Laplace moving average model for multi-axial responses applied to fatigue analysis of a cultivator

M. Kvarnström , K. Podgórski, I. Rychlik. Probabilistic Engineering Mechanics, October 2013, 34, 12–25.


Modeling of loads on a vehicle through Laplace moving averages is extended to the multivariate setting and efficient methods of computing the damage indexes are discussed. Multivariate Laplace moving averages are used as statistical models of multi-axial loads represented by forces and moments measured at some locations of a cultivator. As opposed to models based on the Gaussian distribution, these models account explicitly for transients that have a common origin—vibrations that can be caused by large obstacles encountered by a cultivator or a vehicle driving into potholes.

The model is characterized by a low number of parameters accounting for fundamental characteristics of multivariate signals: the covariance matrix representing size of loads and their mutual dependence, the excess kurtosis that in the model is related to relative size of transients, and the time scale that accounts for the vehicle speed. These parameters can be used to capture diversity of environmental conditions in which the vehicle operates.
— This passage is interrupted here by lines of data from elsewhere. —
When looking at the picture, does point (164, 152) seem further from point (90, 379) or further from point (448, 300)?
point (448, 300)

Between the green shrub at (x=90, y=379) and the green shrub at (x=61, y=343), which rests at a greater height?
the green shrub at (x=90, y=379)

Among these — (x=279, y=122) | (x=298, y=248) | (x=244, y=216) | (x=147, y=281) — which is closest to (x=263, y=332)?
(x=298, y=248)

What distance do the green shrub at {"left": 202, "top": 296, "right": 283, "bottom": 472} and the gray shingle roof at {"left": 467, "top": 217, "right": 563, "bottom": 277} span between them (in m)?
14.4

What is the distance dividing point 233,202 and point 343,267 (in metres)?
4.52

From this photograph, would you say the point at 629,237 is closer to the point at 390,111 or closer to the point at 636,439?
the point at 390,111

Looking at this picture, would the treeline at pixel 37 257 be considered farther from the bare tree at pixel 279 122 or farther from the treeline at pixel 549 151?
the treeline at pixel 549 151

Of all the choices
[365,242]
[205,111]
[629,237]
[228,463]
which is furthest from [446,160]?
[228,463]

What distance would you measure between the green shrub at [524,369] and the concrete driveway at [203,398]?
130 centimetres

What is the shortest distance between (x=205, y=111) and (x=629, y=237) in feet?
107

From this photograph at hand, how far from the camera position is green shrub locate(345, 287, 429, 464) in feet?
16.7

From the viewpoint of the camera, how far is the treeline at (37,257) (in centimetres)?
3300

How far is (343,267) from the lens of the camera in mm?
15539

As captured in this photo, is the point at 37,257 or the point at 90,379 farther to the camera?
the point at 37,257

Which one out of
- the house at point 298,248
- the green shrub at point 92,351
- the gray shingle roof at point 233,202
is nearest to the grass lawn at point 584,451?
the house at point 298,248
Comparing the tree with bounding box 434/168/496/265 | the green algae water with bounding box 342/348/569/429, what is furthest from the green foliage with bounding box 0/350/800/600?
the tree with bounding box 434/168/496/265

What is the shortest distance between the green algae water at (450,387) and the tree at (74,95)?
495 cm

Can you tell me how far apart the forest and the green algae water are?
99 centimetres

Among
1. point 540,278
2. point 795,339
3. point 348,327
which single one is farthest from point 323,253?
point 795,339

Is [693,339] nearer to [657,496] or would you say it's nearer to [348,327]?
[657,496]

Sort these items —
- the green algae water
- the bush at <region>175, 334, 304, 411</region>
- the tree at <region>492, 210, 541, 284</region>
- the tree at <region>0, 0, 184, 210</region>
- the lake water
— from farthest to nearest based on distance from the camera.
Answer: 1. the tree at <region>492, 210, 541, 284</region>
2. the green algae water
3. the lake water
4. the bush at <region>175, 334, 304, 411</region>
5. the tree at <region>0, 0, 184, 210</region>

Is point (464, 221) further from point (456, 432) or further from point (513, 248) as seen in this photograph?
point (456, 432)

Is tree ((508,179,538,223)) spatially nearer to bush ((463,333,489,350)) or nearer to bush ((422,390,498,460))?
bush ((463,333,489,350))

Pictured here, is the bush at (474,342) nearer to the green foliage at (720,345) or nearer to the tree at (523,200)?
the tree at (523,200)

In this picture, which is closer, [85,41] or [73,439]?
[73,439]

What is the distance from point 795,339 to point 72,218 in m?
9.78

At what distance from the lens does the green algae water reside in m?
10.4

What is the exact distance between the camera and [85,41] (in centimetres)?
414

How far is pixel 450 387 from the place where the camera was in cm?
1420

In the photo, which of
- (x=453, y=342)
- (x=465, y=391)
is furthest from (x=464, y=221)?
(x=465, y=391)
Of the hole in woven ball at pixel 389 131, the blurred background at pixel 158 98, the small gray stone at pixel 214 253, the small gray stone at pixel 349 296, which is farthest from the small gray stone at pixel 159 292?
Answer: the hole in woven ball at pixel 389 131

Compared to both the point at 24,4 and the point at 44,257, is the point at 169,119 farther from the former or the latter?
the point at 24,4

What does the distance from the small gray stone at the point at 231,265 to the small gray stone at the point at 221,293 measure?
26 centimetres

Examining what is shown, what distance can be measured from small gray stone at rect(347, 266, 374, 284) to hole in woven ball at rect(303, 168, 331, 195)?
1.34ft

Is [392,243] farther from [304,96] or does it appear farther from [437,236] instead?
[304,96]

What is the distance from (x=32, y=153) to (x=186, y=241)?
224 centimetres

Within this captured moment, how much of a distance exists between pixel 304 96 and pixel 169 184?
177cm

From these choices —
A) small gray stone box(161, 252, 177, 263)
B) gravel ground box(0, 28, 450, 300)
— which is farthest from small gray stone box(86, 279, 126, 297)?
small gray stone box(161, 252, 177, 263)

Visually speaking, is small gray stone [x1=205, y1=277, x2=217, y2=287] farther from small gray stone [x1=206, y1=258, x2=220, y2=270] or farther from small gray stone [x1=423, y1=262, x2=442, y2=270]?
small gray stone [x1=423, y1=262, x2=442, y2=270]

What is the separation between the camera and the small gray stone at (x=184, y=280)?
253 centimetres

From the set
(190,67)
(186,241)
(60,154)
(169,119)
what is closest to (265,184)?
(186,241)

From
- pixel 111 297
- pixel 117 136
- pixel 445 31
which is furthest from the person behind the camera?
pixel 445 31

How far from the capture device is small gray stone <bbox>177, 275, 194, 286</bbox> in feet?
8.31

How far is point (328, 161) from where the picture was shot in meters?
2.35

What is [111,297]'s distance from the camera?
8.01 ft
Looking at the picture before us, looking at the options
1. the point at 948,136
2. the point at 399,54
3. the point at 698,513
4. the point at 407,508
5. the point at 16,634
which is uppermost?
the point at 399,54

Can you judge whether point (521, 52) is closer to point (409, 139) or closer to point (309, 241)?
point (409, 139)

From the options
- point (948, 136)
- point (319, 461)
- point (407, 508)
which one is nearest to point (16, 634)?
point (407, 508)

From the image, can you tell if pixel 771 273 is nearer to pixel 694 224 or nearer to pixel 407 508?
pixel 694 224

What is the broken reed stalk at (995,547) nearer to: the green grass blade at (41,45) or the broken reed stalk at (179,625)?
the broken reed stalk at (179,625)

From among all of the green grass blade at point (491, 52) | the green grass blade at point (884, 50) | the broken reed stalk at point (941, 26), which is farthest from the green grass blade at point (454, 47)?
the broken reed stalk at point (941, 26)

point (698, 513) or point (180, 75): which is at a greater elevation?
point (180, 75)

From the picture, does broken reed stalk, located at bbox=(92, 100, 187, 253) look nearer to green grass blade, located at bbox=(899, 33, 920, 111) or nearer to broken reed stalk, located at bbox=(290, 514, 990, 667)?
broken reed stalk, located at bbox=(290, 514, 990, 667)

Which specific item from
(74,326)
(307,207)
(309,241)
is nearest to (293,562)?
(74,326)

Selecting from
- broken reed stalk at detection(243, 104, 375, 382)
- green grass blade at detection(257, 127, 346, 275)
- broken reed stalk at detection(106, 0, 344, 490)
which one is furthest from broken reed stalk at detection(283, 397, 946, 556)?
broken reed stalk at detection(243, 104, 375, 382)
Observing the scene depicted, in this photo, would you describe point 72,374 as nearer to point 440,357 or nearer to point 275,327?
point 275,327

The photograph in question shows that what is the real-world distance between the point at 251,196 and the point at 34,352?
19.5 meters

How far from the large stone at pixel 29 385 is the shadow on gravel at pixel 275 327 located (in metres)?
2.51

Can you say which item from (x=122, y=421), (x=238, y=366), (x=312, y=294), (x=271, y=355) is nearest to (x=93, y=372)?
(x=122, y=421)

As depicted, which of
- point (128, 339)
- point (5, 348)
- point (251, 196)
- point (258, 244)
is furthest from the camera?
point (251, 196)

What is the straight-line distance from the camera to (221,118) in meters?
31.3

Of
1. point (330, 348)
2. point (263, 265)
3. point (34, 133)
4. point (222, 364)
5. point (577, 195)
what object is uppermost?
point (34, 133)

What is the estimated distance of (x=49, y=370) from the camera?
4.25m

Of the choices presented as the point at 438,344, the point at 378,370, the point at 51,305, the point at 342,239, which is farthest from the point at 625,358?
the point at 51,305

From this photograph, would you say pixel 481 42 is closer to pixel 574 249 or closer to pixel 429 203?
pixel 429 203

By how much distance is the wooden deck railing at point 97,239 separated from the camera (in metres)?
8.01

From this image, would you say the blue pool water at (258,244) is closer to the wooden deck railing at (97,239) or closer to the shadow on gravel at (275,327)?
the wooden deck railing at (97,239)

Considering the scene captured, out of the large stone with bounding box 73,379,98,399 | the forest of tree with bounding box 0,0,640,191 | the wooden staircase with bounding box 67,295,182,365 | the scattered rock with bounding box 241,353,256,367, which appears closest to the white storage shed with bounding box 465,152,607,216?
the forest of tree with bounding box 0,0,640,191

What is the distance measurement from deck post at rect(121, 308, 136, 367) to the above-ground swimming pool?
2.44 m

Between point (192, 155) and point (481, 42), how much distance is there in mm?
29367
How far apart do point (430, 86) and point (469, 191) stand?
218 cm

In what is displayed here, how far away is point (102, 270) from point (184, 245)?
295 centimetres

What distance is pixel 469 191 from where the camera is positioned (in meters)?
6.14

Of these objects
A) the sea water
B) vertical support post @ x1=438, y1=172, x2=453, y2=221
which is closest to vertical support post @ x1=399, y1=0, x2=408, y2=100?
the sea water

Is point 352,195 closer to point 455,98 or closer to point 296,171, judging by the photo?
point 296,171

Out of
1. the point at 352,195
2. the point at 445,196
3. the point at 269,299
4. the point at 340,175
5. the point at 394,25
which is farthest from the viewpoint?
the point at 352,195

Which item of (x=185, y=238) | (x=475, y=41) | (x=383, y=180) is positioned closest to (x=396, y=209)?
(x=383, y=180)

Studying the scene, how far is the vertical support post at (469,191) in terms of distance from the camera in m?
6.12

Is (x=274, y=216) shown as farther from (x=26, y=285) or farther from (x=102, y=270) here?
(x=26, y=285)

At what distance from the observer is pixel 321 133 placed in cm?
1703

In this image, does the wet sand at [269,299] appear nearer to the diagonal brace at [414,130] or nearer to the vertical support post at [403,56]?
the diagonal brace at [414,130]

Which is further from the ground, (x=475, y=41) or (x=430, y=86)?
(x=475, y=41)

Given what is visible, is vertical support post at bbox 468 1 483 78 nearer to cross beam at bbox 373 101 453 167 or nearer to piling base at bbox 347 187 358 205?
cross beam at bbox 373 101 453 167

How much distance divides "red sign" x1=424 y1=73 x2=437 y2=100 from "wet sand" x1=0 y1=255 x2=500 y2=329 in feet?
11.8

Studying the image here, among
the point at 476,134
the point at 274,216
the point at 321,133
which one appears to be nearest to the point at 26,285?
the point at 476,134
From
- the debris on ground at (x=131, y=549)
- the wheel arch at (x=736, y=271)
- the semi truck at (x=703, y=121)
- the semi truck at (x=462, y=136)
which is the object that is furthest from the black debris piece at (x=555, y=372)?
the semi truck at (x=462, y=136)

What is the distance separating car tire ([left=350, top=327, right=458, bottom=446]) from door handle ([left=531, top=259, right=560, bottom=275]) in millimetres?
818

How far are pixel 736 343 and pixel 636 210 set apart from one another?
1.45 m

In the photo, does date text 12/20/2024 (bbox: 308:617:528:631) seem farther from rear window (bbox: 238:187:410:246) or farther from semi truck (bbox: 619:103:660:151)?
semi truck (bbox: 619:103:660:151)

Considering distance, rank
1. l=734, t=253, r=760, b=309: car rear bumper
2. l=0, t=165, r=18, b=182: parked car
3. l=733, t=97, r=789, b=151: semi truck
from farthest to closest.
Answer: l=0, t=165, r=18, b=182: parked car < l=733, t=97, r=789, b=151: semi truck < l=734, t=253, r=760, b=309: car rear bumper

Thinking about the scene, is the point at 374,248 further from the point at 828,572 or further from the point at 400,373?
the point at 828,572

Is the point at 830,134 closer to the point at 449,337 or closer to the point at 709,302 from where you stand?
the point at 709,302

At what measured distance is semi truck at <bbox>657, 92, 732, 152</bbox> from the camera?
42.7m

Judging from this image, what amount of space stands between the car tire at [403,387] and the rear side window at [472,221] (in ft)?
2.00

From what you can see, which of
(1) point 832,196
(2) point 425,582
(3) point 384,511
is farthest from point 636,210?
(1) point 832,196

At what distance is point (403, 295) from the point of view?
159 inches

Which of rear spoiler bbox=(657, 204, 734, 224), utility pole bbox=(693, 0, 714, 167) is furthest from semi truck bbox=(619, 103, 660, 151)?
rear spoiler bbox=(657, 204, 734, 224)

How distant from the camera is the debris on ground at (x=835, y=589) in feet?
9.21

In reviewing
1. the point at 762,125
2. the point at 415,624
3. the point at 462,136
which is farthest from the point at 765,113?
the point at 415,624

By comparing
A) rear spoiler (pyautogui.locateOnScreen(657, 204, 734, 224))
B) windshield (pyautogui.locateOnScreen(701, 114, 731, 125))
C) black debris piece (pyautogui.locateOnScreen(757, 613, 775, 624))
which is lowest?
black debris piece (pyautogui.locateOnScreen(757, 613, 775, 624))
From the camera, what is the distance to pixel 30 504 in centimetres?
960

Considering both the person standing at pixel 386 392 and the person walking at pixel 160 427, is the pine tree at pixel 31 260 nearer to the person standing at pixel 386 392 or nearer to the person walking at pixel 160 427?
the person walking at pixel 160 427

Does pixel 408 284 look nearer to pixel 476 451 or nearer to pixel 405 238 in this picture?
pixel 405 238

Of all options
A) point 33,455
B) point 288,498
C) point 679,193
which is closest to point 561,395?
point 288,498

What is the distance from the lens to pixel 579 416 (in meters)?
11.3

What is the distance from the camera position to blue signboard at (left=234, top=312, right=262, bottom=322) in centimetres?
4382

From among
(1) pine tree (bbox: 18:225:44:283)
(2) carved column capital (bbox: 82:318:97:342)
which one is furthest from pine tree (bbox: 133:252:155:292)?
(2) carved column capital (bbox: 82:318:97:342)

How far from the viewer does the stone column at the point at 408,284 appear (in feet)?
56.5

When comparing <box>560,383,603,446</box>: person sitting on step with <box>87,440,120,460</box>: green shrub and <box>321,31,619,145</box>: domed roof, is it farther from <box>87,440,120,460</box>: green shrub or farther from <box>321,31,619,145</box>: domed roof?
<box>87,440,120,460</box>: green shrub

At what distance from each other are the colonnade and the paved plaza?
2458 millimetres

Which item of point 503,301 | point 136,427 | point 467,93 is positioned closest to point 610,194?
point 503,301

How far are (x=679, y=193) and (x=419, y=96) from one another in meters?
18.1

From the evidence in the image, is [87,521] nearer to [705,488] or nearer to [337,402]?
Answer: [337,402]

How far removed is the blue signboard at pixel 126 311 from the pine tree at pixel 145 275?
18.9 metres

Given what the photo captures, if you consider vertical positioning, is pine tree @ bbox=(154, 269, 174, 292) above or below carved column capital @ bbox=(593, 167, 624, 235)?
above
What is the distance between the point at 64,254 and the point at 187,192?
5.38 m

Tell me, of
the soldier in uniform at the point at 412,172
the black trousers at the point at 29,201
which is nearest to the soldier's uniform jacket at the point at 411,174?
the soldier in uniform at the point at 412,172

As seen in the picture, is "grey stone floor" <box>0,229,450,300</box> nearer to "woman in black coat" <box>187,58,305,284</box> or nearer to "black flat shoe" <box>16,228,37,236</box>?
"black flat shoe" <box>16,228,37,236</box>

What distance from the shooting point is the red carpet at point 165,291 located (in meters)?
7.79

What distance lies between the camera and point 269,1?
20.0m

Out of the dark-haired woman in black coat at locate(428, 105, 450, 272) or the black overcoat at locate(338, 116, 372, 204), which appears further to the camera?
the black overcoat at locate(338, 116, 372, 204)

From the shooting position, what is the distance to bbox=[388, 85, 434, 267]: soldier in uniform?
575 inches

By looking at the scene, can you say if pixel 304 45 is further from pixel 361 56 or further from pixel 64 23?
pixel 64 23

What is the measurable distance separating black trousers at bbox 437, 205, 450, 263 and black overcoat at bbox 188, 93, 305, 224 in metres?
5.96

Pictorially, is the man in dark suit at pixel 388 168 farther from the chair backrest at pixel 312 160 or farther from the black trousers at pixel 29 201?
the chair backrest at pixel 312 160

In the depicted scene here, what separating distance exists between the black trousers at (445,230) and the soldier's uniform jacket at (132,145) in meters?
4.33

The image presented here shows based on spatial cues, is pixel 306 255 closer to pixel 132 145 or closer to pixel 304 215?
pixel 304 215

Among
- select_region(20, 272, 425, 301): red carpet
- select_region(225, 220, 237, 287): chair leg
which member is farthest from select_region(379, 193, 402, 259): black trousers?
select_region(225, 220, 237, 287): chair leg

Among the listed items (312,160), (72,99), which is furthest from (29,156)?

Distributions of parameter values that are specific to a given market or encountered by specific customers can be then used to describe the long term loading. The model is validated by analysis of the resulting damage index. It is shown that the parameters enter this index in a multiplicative and explicit manner and, for a given damage exponent, only the factor representing dependence on the kurtosis has to be obtained through regression approximation based on Monte Carlo simulations. An example of actual cultivator data is used to illustrate the accuracy of damage and fatigue life prediction.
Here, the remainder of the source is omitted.